I believe something along the lines of what lallara has suggested above - soft clones are a relatively insecure method of immortality, and so capsuleers in general consider themselves 'vulnerable' - they are still more permament/inviolate than poor baseliners, but they do not have the micro-quantum entanglement benefits of the NIS implant.
That being said, the good old networking security acronym 'VIA' (verification, integrity and authenticity) is a can of worms with any modern expression of the facts. Quantum entanglement is our 'tachyon pulse' so to speak, a deus ex machina that saves us from our mistakes with little satisfaction of the pseudo-scientific expression we attempt to bring to bear on it.

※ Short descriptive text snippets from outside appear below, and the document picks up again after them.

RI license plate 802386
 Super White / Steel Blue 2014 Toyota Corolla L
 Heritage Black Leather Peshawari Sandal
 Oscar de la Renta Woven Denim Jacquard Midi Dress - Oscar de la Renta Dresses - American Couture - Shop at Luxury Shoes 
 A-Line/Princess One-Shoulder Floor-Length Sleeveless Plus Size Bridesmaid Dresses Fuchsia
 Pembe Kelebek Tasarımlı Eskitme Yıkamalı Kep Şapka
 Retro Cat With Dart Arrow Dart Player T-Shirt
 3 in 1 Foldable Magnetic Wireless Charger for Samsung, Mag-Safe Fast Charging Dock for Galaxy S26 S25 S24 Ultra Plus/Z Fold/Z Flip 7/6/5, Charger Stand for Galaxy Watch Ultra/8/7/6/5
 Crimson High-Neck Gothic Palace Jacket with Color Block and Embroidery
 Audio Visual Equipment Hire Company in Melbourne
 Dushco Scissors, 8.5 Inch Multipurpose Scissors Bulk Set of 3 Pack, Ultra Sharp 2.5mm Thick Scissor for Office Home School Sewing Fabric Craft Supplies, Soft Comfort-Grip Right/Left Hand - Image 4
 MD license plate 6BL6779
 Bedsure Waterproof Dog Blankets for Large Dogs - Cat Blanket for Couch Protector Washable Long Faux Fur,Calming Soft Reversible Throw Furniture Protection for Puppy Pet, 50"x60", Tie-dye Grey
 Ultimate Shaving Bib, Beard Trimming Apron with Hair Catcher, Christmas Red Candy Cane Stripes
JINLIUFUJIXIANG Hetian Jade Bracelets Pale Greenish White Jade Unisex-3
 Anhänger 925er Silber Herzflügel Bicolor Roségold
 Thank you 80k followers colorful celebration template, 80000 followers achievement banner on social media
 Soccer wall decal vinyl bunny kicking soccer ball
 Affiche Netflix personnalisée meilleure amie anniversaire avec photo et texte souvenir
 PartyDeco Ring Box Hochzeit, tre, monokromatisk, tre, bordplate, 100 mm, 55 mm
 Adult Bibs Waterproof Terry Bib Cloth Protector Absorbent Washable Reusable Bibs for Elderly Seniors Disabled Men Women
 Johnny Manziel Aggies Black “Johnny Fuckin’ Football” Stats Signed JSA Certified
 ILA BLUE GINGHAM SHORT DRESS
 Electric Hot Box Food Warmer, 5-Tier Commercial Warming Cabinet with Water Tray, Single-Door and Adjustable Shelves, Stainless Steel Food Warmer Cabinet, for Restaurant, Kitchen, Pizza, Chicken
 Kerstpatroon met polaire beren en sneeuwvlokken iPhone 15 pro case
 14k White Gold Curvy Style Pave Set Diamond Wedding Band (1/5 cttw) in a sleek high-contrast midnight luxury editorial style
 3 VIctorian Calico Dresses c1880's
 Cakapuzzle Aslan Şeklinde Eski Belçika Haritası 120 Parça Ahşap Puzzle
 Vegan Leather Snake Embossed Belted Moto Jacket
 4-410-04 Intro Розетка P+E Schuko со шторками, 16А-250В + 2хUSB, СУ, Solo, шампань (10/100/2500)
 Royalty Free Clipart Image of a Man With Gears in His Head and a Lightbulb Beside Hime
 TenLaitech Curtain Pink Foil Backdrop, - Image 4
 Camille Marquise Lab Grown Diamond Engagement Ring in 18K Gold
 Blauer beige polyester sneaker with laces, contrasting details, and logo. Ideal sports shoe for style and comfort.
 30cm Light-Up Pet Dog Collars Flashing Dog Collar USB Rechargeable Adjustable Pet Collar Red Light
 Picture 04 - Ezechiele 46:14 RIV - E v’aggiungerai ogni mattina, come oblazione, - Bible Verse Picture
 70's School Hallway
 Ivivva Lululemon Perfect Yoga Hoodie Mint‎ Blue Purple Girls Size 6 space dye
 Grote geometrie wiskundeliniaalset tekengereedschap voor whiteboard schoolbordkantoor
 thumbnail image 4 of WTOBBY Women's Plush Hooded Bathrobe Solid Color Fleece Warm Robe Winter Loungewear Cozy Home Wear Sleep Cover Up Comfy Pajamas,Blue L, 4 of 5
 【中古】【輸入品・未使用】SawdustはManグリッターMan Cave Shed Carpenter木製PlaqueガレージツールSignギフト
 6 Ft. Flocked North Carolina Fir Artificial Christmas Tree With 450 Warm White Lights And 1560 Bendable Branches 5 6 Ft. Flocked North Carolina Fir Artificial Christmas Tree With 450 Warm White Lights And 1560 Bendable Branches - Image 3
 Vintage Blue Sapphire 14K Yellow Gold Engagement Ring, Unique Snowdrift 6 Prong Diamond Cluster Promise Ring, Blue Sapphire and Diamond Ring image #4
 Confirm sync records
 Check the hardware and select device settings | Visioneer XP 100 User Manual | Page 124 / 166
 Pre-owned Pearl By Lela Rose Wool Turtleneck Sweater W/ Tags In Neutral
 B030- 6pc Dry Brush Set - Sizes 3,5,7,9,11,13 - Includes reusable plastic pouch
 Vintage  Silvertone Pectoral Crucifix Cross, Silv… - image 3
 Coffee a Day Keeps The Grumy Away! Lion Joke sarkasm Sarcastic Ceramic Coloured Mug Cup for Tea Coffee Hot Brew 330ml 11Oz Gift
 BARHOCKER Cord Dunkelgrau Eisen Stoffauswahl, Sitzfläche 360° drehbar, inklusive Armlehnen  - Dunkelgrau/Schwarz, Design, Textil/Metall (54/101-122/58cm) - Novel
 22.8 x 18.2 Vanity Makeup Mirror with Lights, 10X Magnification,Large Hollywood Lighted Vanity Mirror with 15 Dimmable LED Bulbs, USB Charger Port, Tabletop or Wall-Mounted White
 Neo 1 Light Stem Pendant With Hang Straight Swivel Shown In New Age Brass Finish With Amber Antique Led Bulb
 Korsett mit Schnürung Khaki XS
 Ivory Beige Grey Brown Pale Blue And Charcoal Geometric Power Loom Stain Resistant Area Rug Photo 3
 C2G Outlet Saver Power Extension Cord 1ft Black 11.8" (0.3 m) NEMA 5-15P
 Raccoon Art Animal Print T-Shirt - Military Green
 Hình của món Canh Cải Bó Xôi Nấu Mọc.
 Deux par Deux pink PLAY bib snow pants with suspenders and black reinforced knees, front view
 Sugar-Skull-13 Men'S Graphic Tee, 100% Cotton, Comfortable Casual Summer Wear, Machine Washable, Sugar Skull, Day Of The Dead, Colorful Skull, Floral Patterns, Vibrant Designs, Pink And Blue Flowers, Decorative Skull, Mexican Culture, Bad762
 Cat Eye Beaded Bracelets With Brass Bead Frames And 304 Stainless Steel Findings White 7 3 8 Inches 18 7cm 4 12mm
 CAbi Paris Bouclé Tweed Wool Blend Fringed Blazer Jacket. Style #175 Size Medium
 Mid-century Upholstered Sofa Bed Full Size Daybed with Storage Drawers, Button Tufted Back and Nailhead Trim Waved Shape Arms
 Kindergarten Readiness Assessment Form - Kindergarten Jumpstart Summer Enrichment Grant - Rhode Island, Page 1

As the mind is constantly being adapted to new conditions, skills and cybernetic interference, the only live link is the capsule interface. A soft clone is literally a hard back up, and the point of failure in hard back ups lies in the very memory locations they inhabit.
There is a webcomic, I forget which, where the protagonist clones him/herself to become immortal, but an AI tests them against a biometric, psychological and personality auguring battery of challenges, which even a tiny failure of results in the destruction of the clone before it's release - thus ensuring the 'right' personality lives on. Brutal, grim, and not within the remit of current PF. But an interesting option for those paranoid capsuleers who have the means (nullsec outpost clone bays for example) to enforce their own code of practice to ensure that their copy wasn't pilfered or interfered with.
If you want to be securely immortal out of pod, spend that immortality ensuring your own security - the technological equivalent of the crazy unshaven inventor sitting in a bath of dettol screening every door handle for germs on a compulsive basis.